EXERCISE DESCRIPTION: With the pictures left out, restate exactly the part below that opens with the line containing "Balatonmáriafürdő Nyaralo Japankerttel" and closes with the line containing "正確使用風淋室不僅能夠有效保".

WORKING DATA:
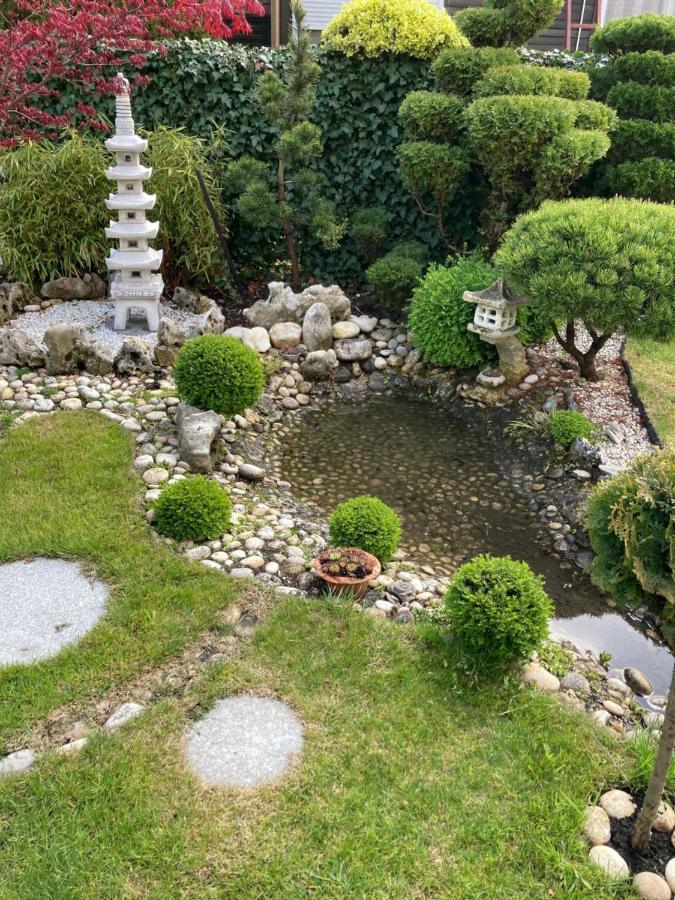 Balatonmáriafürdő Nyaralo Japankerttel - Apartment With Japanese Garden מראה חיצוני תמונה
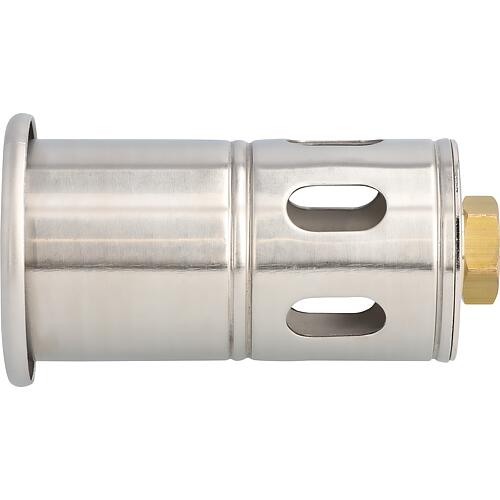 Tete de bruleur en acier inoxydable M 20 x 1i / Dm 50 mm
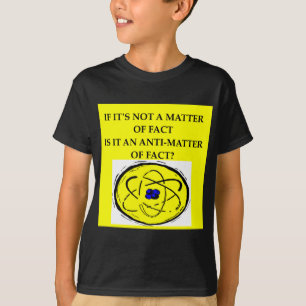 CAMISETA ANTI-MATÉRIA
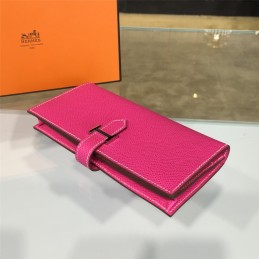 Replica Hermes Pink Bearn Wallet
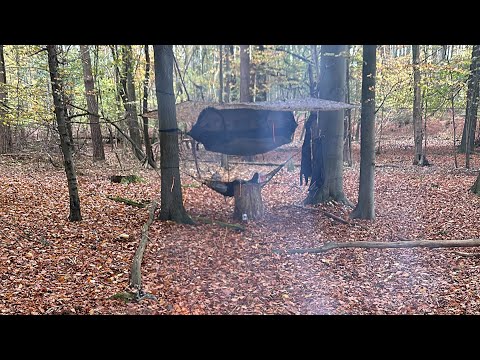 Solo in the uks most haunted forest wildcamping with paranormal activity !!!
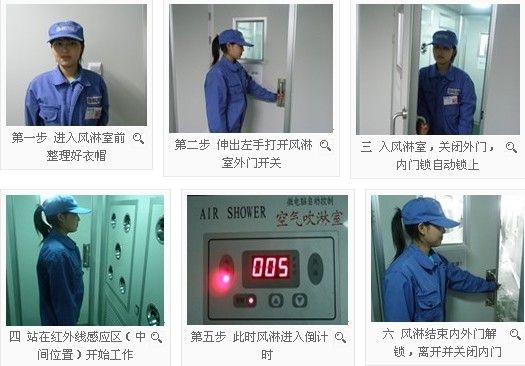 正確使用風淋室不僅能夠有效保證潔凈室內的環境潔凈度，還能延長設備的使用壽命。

==

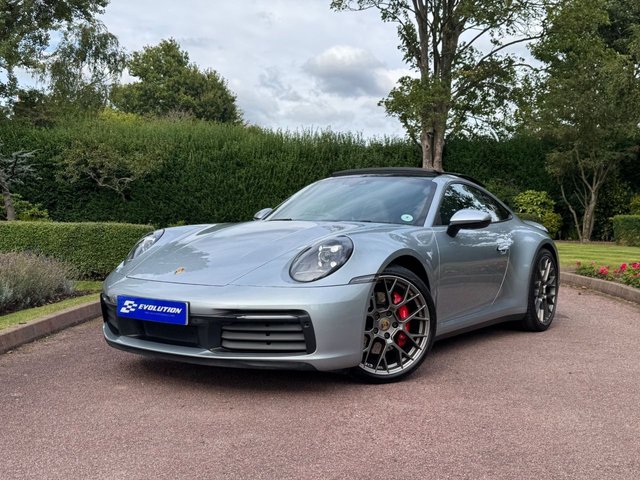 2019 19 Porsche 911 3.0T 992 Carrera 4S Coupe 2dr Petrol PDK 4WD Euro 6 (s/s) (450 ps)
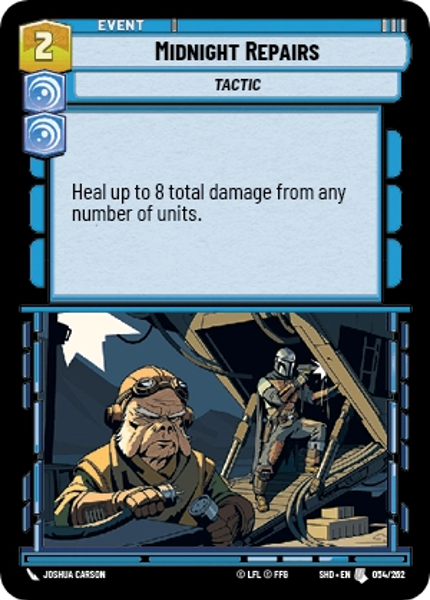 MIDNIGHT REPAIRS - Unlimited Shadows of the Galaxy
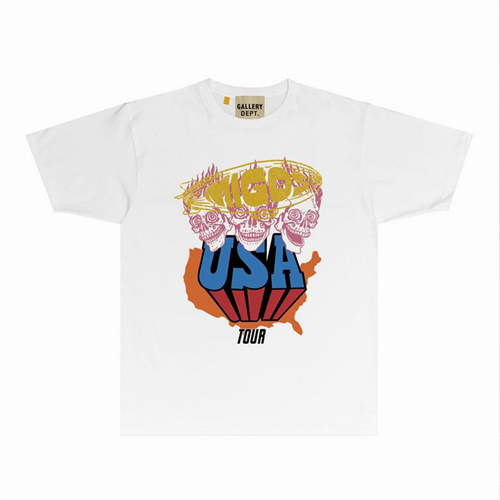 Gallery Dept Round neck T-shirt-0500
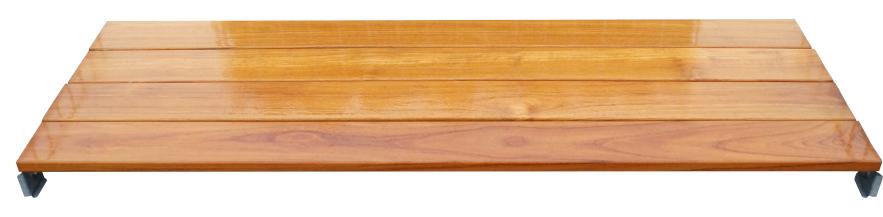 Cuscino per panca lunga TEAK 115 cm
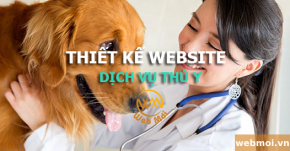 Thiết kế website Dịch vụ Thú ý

...

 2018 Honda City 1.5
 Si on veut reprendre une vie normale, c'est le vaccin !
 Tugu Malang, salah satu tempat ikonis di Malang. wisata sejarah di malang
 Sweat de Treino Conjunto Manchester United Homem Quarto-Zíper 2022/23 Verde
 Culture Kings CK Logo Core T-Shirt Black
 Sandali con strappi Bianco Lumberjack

ANSWER BELOW:
 Balatonmáriafürdő Nyaralo Japankerttel - Apartment With Japanese Garden מראה חיצוני תמונה
 Tete de bruleur en acier inoxydable M 20 x 1i / Dm 50 mm
 CAMISETA ANTI-MATÉRIA
 Replica Hermes Pink Bearn Wallet
 Solo in the uks most haunted forest wildcamping with paranormal activity !!!
 正確使用風淋室不僅能夠有效保證潔凈室內的環境潔凈度，還能延長設備的使用壽命。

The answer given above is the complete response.